Bulk RNA sequencing of bovine DRG cells. The effect of cytokine‐primed AF (Cyt AF) is compared to non‐primed AF (Con AF). a) Heatmap summarising the differentially expressed genes (DEGs). b) Principal component analysis (PCA) showing the separation of Cyt AF and Con AF groups. c) The top regulated GO terms determined by Metascape. d) Protein‐protein interaction analysis of DEGs. e,f) The expression levels of genes associated with neurite outgrowth e) and pain f).

Figure 9

Calcium signals of bovine DRG neurons. CGRP(+) and CGRP(‐) subtypes of neurons are labelled using immunofluorescence following calcium imaging. The effect of cytokine‐primed AF conditioned medium (CM) (Cyt AF) is compared with non‐primed AF CM (Con AF).
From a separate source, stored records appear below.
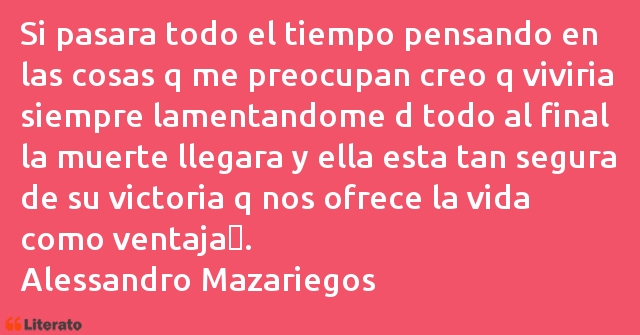 Frases de Alessandro Mazariegos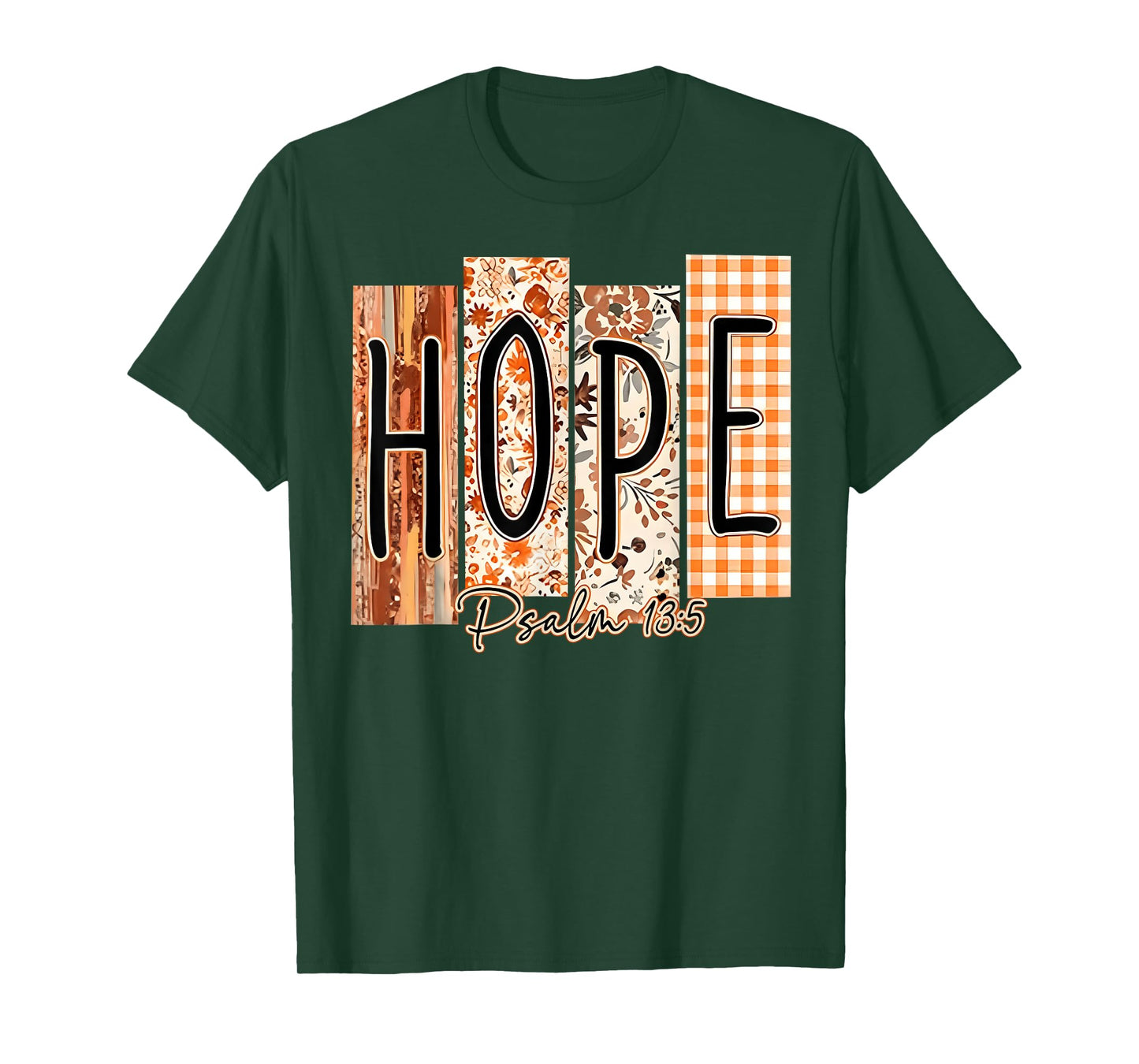Hope Psalm 13:5 Bible Verse Fall Thanksgiving Floral T-Shirt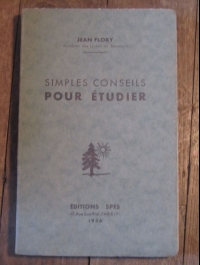 Jean Flory   Simples conseils pour étudier   SPES 1936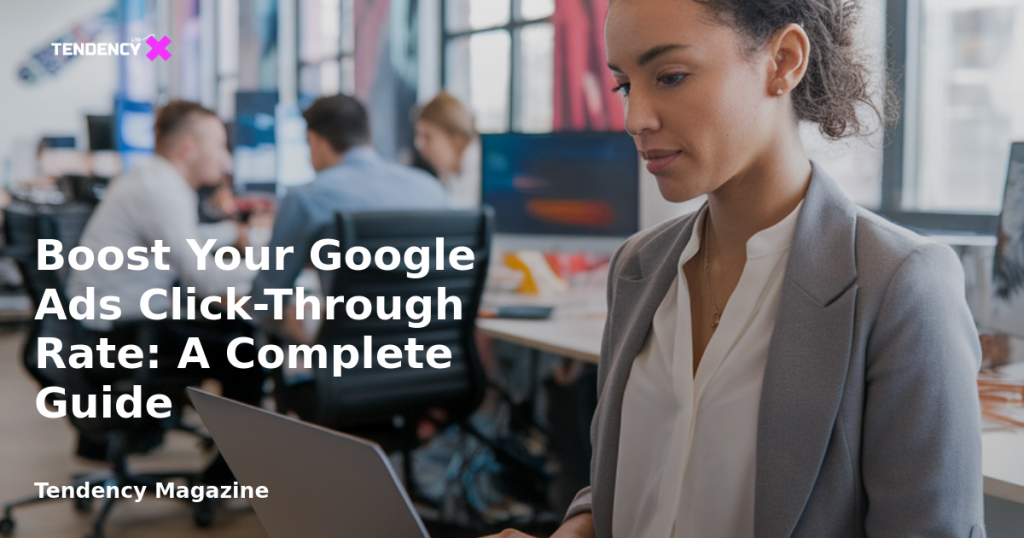 banner Boost Your Google Ads Click-Through Rate: A Complete Guide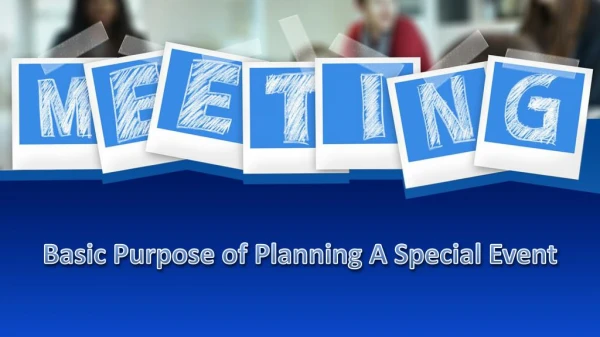 Basic Purpose of Planning A Special Event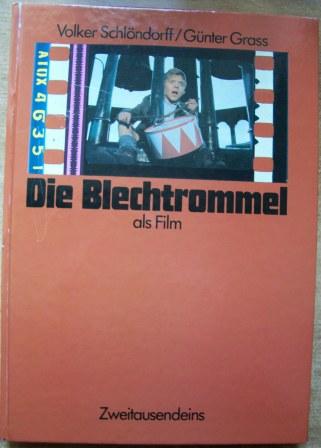 Schlöndorff, Volker und Günter Grass  Die Blechtrommel als Film - Das Drehbuch, die 650 Bilder, die Dokumente, die Materialien, die Spezialeffekte, die Notizen, die geschnittenen Szenen, der Drehplan. 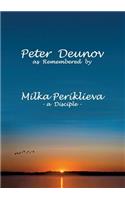 Peter Deunov as Remembered by Milka Periklieva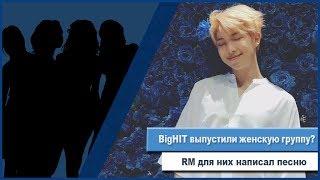 BigHit ВЫПУСТИЛИ ЖЕНСКУЮ ГРУППУ ?????RM НАПИСАЛ ДЛЯ НИХ ПЕСНЮ ???????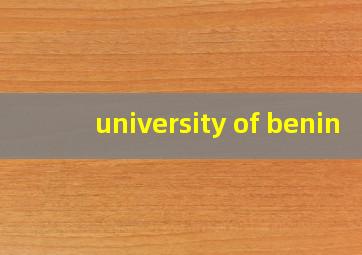 university of benin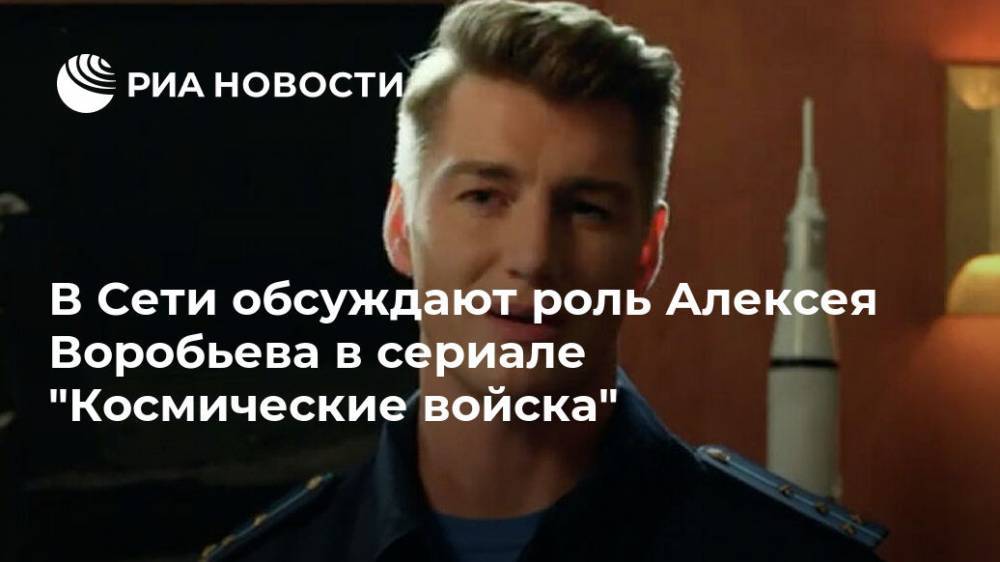 В Сети обсуждают роль Алексея Воробьева в сериале "Космические войска"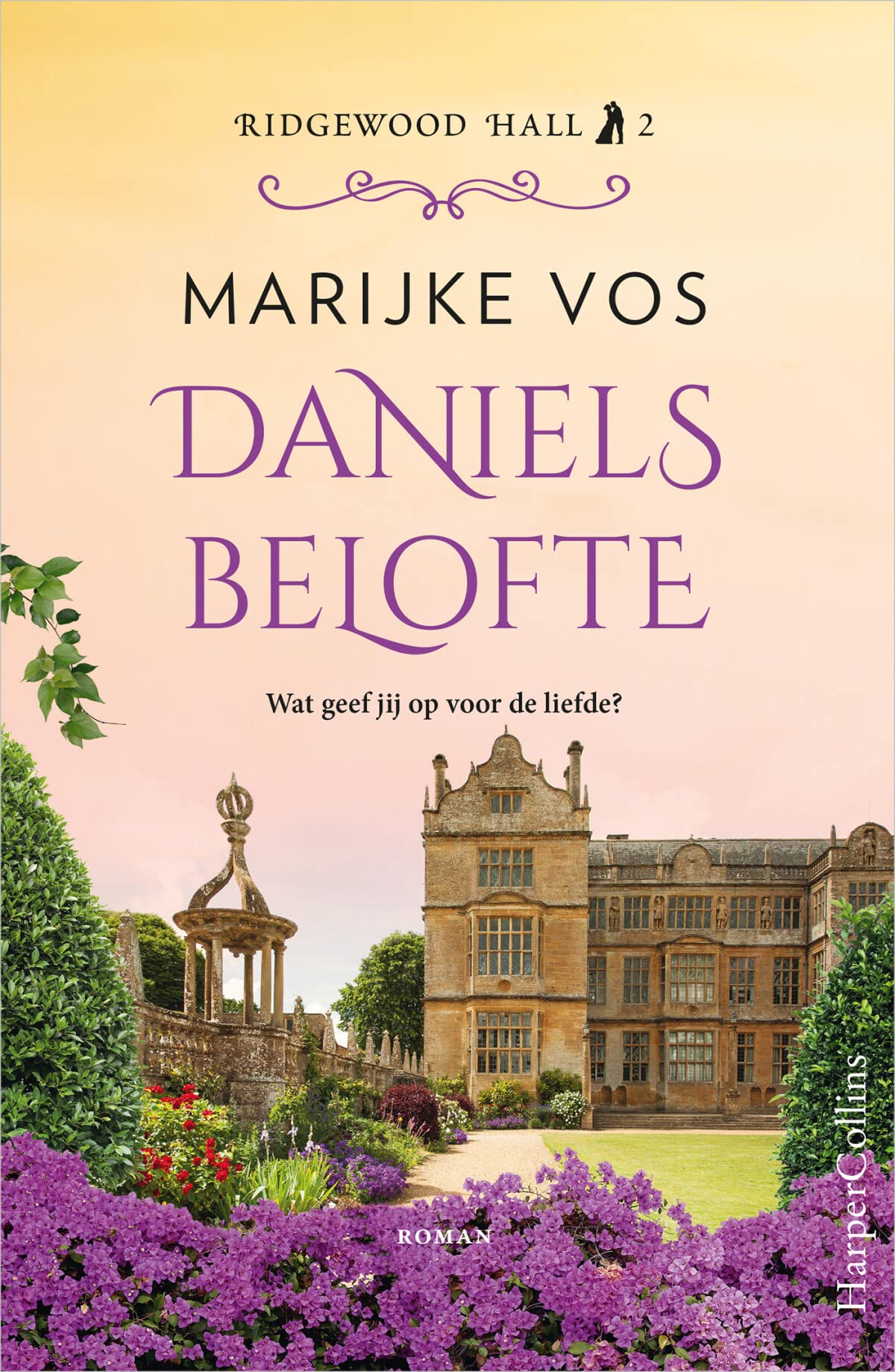 Daniels belofte: Wat geef jij op voor de liefde? (Ridgewood Hall, 2) Historical Fiction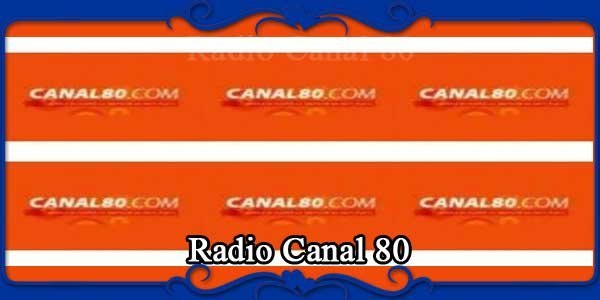Radio Canal 80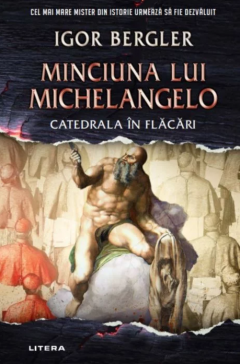 Minciuna lui Michelangelo - Igor Bergler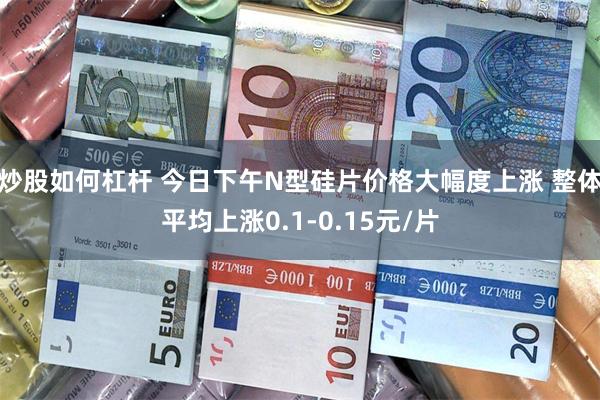 炒股如何杠杆 今日下午N型硅片价格大幅度上涨 整体平均上涨0.1-0.15元/片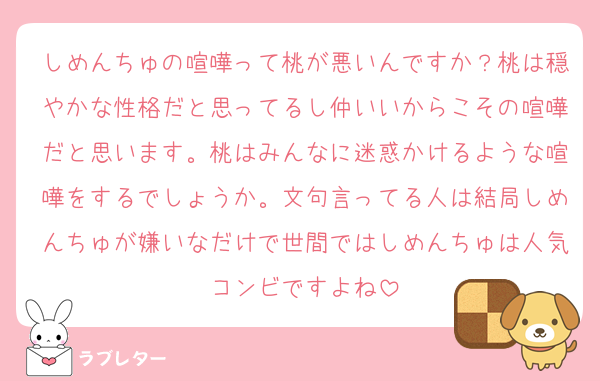 しめんちゅの喧嘩って桃が悪いんですか？桃は穏やかな性格だと思ってるし仲いいからこその喧嘩だと思います。桃はみんなに迷惑かけるような喧嘩をするでしょうか。文句言ってる人は結局しめんちゅが嫌いなだけで世間ではしめんちゅは人気コンビですよね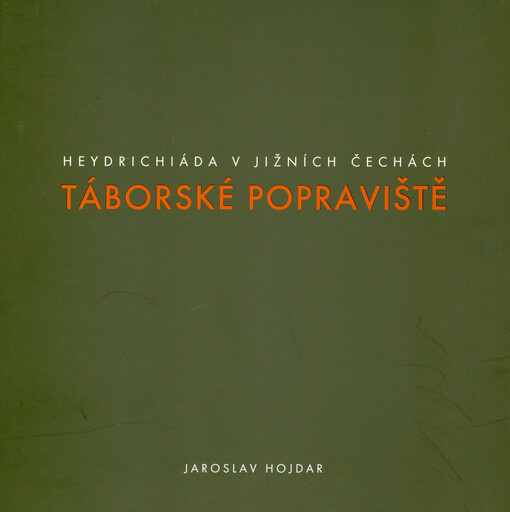 Táborské popraviště : Heydrichiáda v jižních Čechách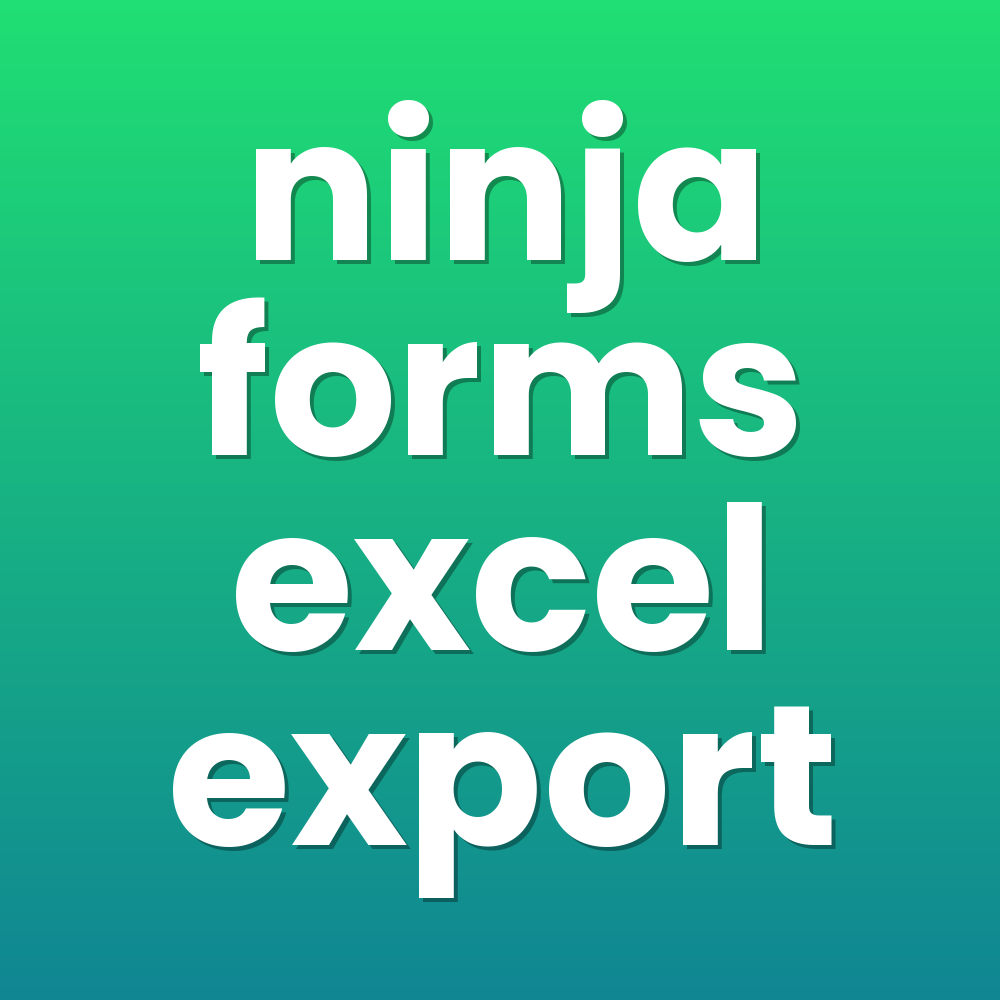 ninja forms excel export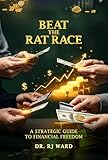 Beat The Rat Race: A Strategic Guide To Financial Freedom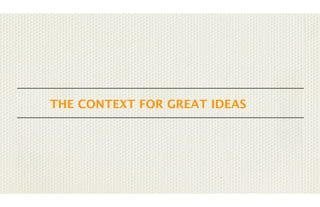 THE CONTEXT FOR GREAT IDEAS

 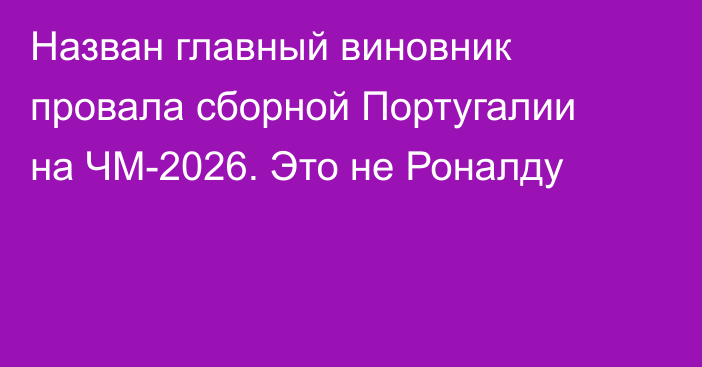 Назван главный виновник провала сборной Португалии на ЧМ-2026. Это не Роналду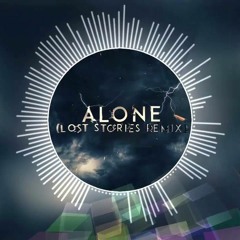 Alan Walker - Alone (Lost Stories Remix)   Official Music Video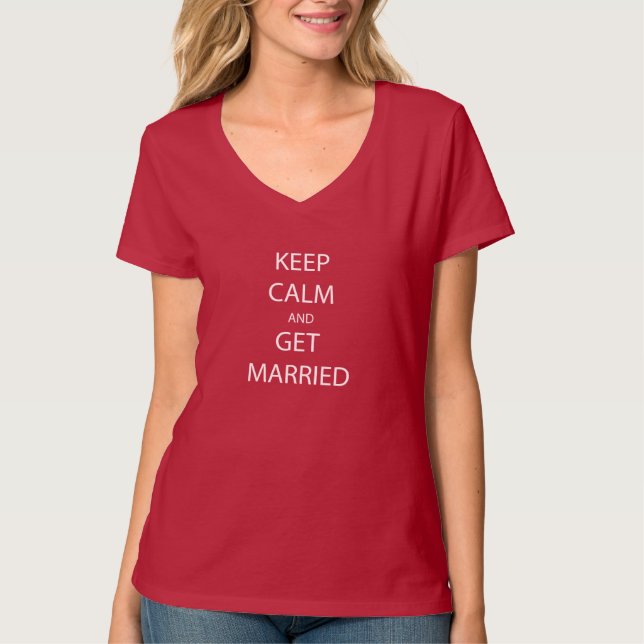 Vintage KEEP CALM  GET MARRIED T-Shirt (Front)
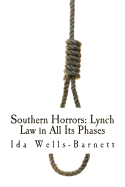 Southern Horrors: Lynch Law in All Its Phases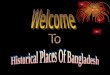 Historical Places Of Bangladesh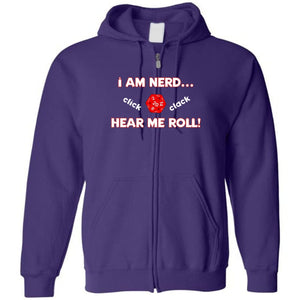 I Am Nerd... Hear Me Roll! Unisex Zip Hoodie - Purple / S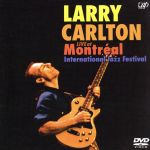 【中古】 ライブ・アット・モントリオール・ジャズ・フェスティバル’90／ラリー・カールトン
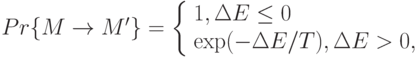 Pr\{M\rightarrow M^{\prime}\}= \left\{\begin{array}{l}
1, \Delta E \leq 0\\
\exp (-\Delta E/T), \Delta E>0,
\end{array} \right.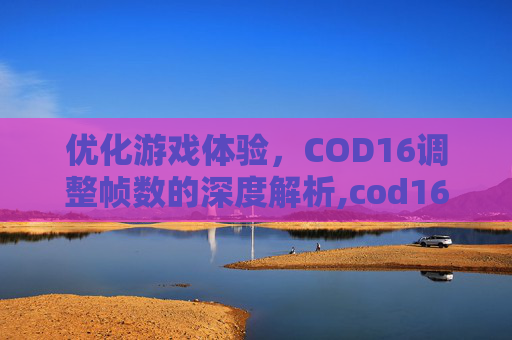 优化游戏体验，COD16调整帧数的深度解析,cod16怎么调出帧数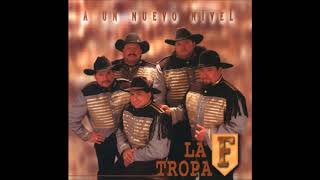La Tropa F   Por Que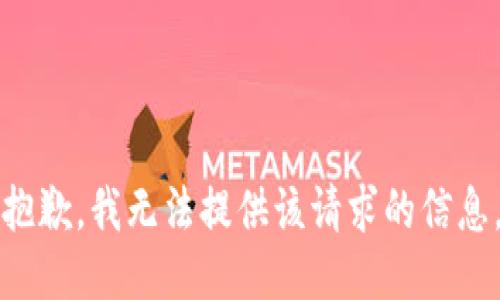 抱歉，我无法提供该请求的信息。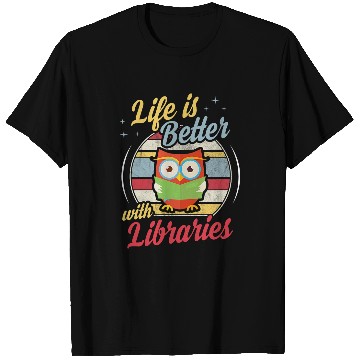 Discover Life Is Better With Libraries Cute Retro Book Read Owl T-Shirts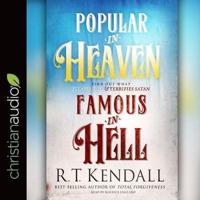 Popular in Heaven Famous in Hell Lib/E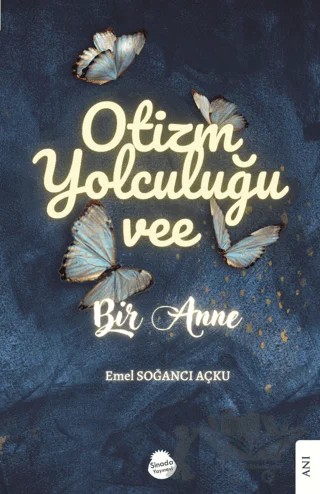 Otizm Yolculuğu Vee Bir Anne – Emel Soğancı Açku – Sinada Kitap kitap kapağı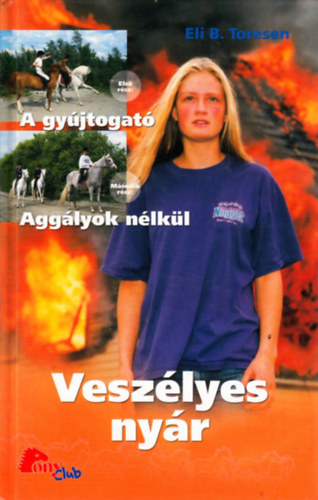 Eli B. Toresen: Veszélyes nyár: I. A gyújtogató - II. Aggályok nélkül (PonyClub) antikvár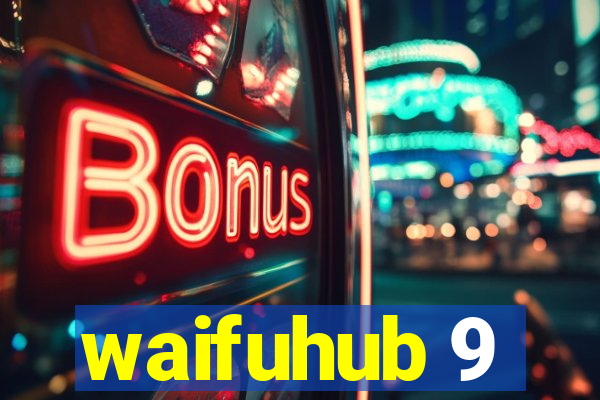 waifuhub 9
To exclude dead neurons in the analysis, neurons without a response to potassium chloride (KCl) are excluded. a) Spontaneous calcium transients are represented as normalised fluorescent peaks. b) The spontaneous calcium peak height is consistent comparing different neuronal subtypes and treatment groups. c) The cytokine‐primed AF increases the frequency of spontaneous calcium response in CGRP(+) neurons (i), but not in CGRP(‐) neurons (ii). d) The capsaicin‐induced (100 nm) calcium response in both CGRP(+) and CGRP(‐) neurons. e,f) The capsaicin‐induced calcium response is not different in CGRP(+) nociceptors between Con AF (e‐i) and Cyt AF (e‐ii) groups. g,h) Cytokine‐primed AF CM (g‐i) increases capsaicin induced calcium response in CGRP(‐) neurons compared to the non‐primed AF CM (g‐ii). e) and g) are mean normalised fluorescent curves among different neurons. Blue straps are their standard deviation. Data is presented as boxplot which presents the interquartile range of data distribution. For (c‐i), *: p < 0.05 by 2‐sided Wilcoxon rank sum test; n = 90 CGRP(+) neurons and n = 161 CGRP(‐) neurons.